# What you should do
From the line containing "Apartment in Manilva - Los Granados 1022" to the line containing "Archiv Foto Webcam" in the entries below, reproduce every line exactly, ends included. Nothing else belongs in the copy, and no pictures.

# Available records
Segment Open

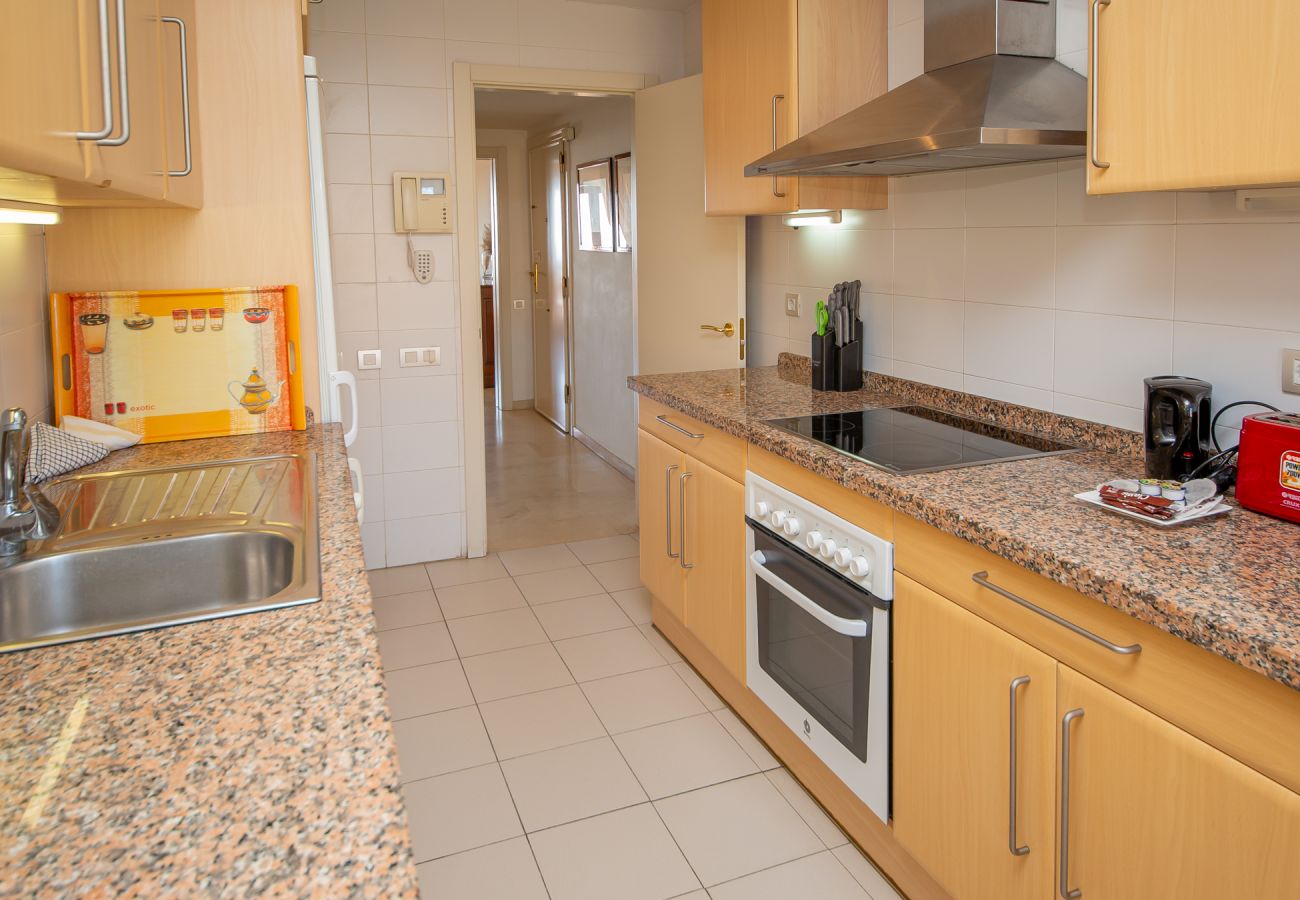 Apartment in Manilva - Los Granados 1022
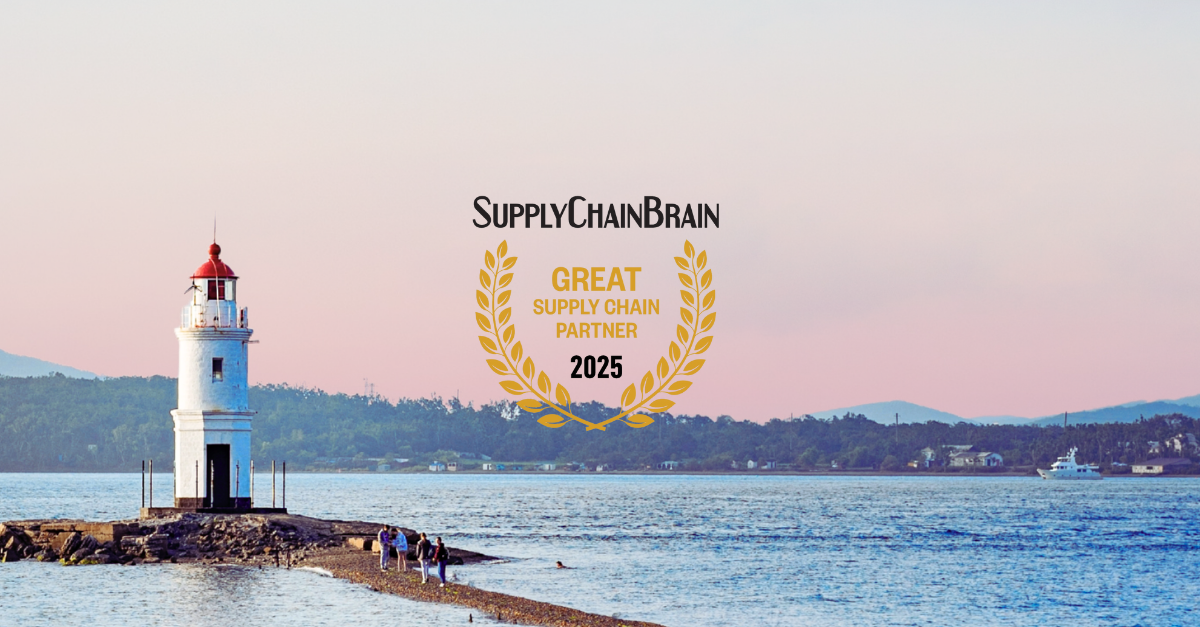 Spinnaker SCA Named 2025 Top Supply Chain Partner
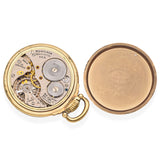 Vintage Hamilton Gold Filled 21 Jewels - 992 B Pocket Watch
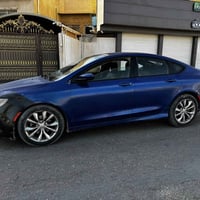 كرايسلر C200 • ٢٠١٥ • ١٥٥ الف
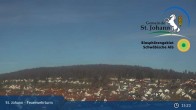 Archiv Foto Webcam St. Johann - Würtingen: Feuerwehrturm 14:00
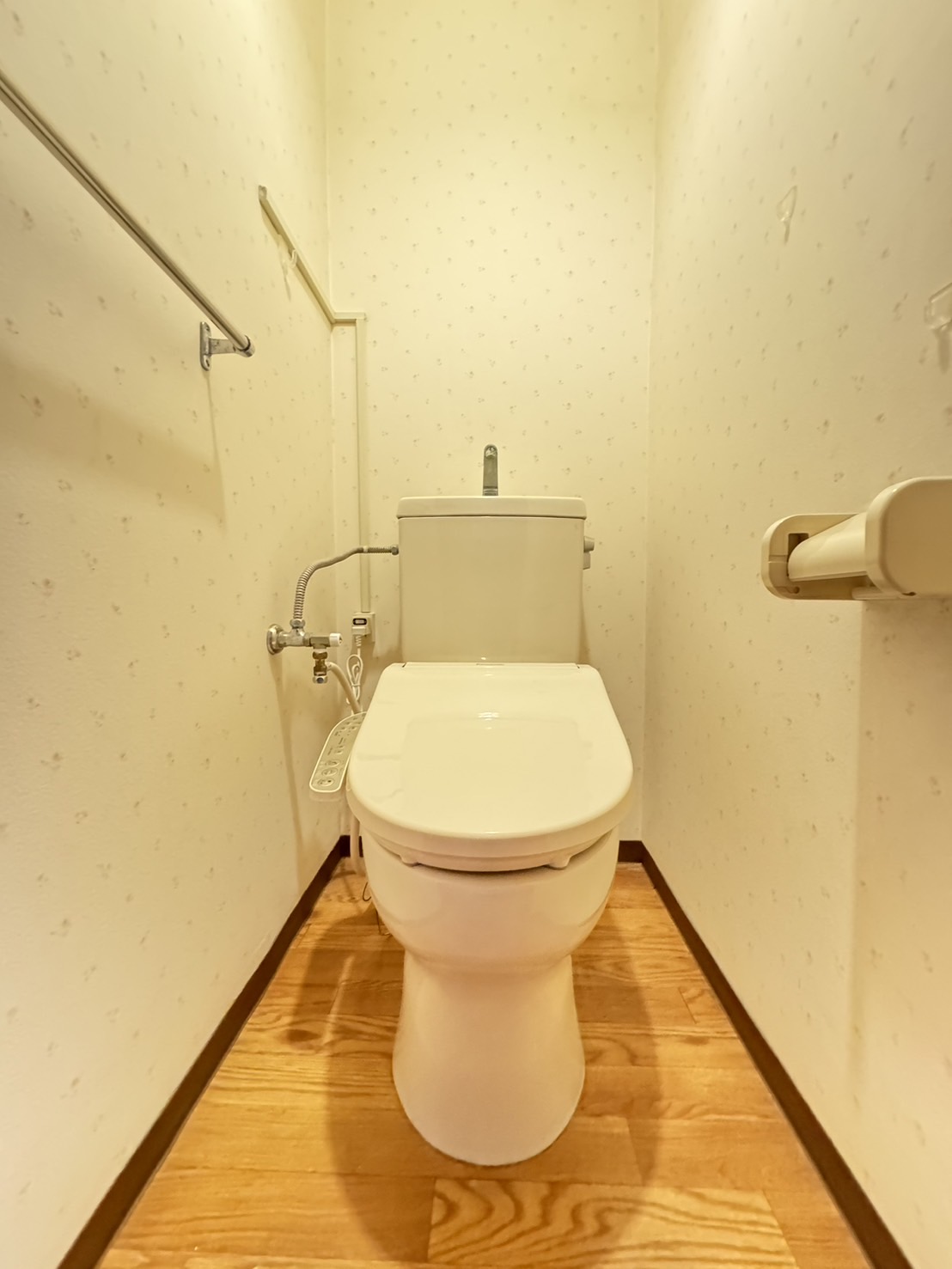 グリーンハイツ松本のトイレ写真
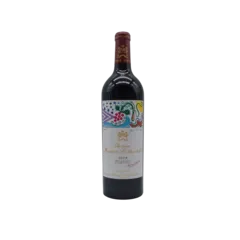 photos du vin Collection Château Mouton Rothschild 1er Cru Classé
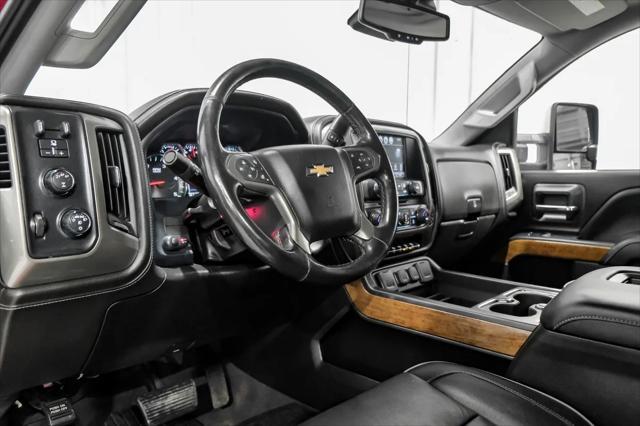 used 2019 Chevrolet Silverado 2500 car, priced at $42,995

Segment Closed
Segment Open

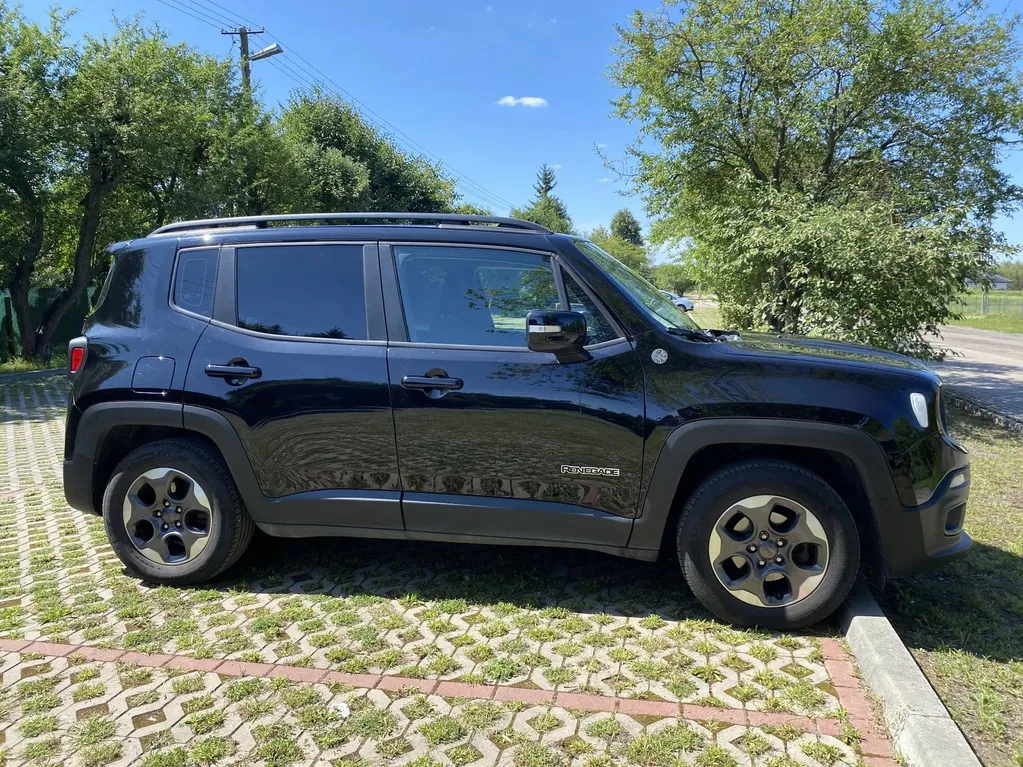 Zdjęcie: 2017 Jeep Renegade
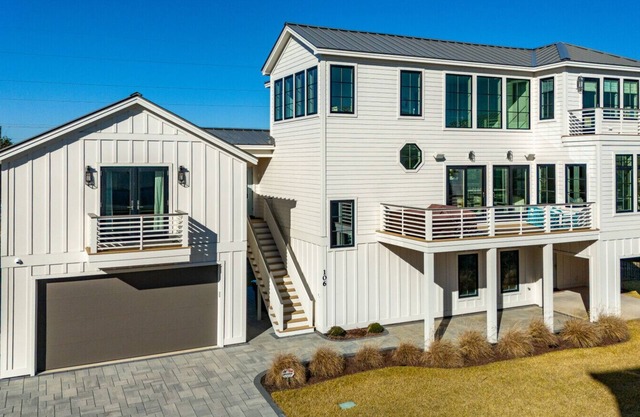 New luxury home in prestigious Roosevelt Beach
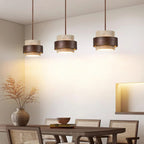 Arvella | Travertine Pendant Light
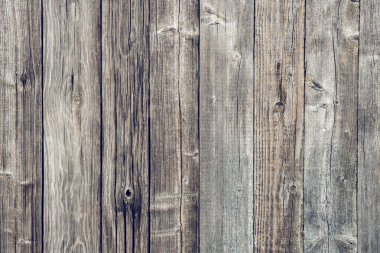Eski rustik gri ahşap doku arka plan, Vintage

Segment Closed
Segment Open

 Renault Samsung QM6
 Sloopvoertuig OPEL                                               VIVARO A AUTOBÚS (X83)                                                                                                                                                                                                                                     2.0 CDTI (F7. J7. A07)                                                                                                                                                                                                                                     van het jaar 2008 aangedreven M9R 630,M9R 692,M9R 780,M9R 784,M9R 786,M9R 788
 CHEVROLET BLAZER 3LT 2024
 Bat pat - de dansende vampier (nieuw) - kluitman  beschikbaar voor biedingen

Segment Closed

# Response
 Apartment in Manilva - Los Granados 1022
 Spinnaker SCA Named 2025 Top Supply Chain Partner
 Vintage Hamilton Gold Filled 21 Jewels - 992 B Pocket Watch
 كرايسلر C200 • ٢٠١٥ • ١٥٥ الف
 Archiv Foto Webcam St. Johann - Würtingen: Feuerwehrturm 14:00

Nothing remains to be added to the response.